ヘリクツは身を助ける 『われ笑う、ゆえにわれあり』 #213

哲学書というと、眉間にシワが寄る気がしませんか?

分厚くて、一文が長くて、翻訳調で、屁理屈っぽくて、意味不明。

なんでこんなに詳しいかといいますと、いちおう哲学科卒だからです……。読むのにめちゃくちゃ苦労した本もいっぱいあります。というか、そんな本しかない!

のですが、哲学教授の土屋賢二さんのエッセイは違う。あらゆる人生の悩みと苦悩と失敗とダメダメを、笑いに変えてくれます。

「週刊文春」に連載されたエッセイをまとめた本です。会社員時代、ツチヤ教授のエッセイが読みたくて、「週刊文春」のある喫茶店でランチを食べていました。

ツッコミのいないひとり漫才といいましょうか。

自虐を超えるひとり笑いといいましょうか。

ヘリクツをこねすぎて蹴られてしまうみじめなおじさんの姿が目に浮かんでしまうのです(勝手な想像です)。

脳科学者の茂木健一郎先生によると、ユーモアとは知性なのだそう。自分たちの置かれている状況を客観的に認識する「メタ認知」こそ、ユーモアに通じるからです。

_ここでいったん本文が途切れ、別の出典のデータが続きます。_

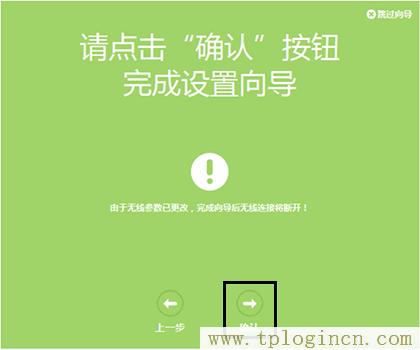 ,https://www.tplogin.cn.com/,ie登陆192.168.0.1,http://ttplogin.cn,tplogin.con,tplogin.cn管理地址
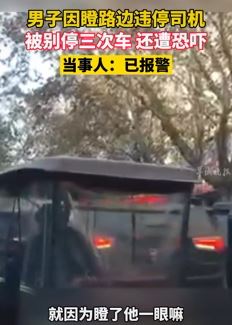 河南商丘一男子因瞪路边违停司机遭别车恐吓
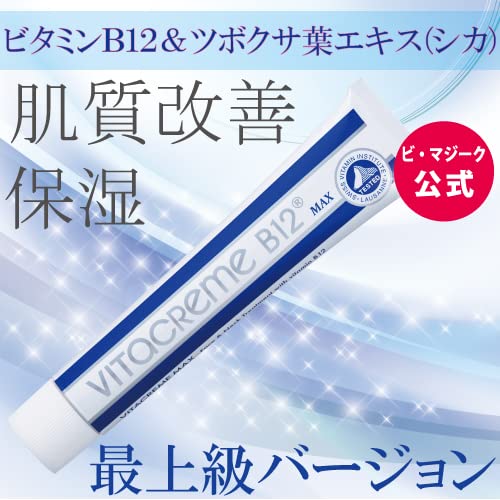 ビタクリーム MAX 増量サイズ 100ml 2点 ビタクリーム MAX 増量サイズ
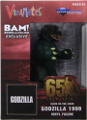 Glow-In-The-Dark Godzilla 1999 Vinimate (BAM)
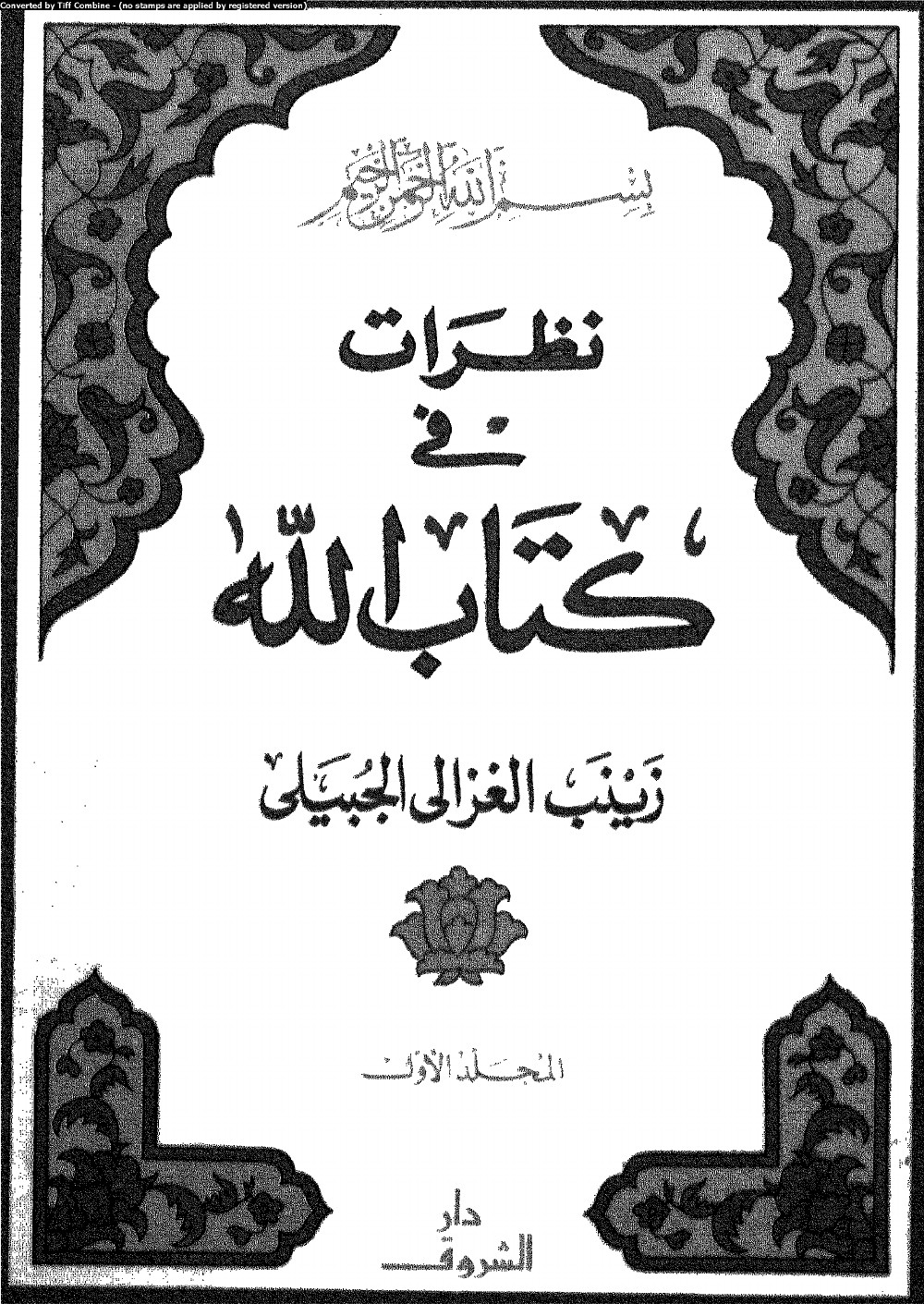 Regards sur le Livre de Dieu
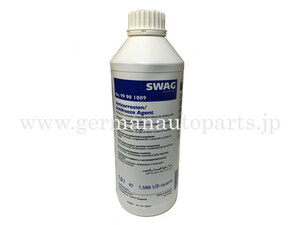 BMW・MINI●ロングライフクーラント(LLC)不凍液 冷却液 1.5L SWAG製 純正同等品 83192211191 83192211194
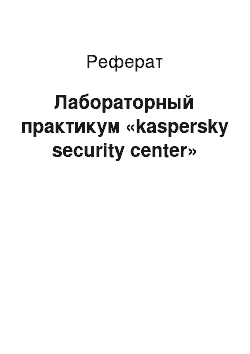 Реферат: Лабораторный практикум «kaspersky security center»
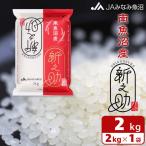 南魚沼産新之助 精米 2kg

ツチヤ教授はお茶の水女子大学名誉教授で哲学者ですが、本にはほとんど哲学の話は出てきません。日常的な妻とのおしゃべり、秘書とのやり取り、学生との授業風景がほとんど。

そこに、知性を感じる!

……かどうかは分かりませんが、笑えることは確かです。

古代ギリシャの哲学者ソクラテスだって、見方を変えればただの偏屈親父でしょう。道行く人に議論をふっかけて、「こいつ、なんも考えてねえじゃん!」って。やなヤツ!

ツチヤ教授の論理に触れると、哲学の見方が変わるかも。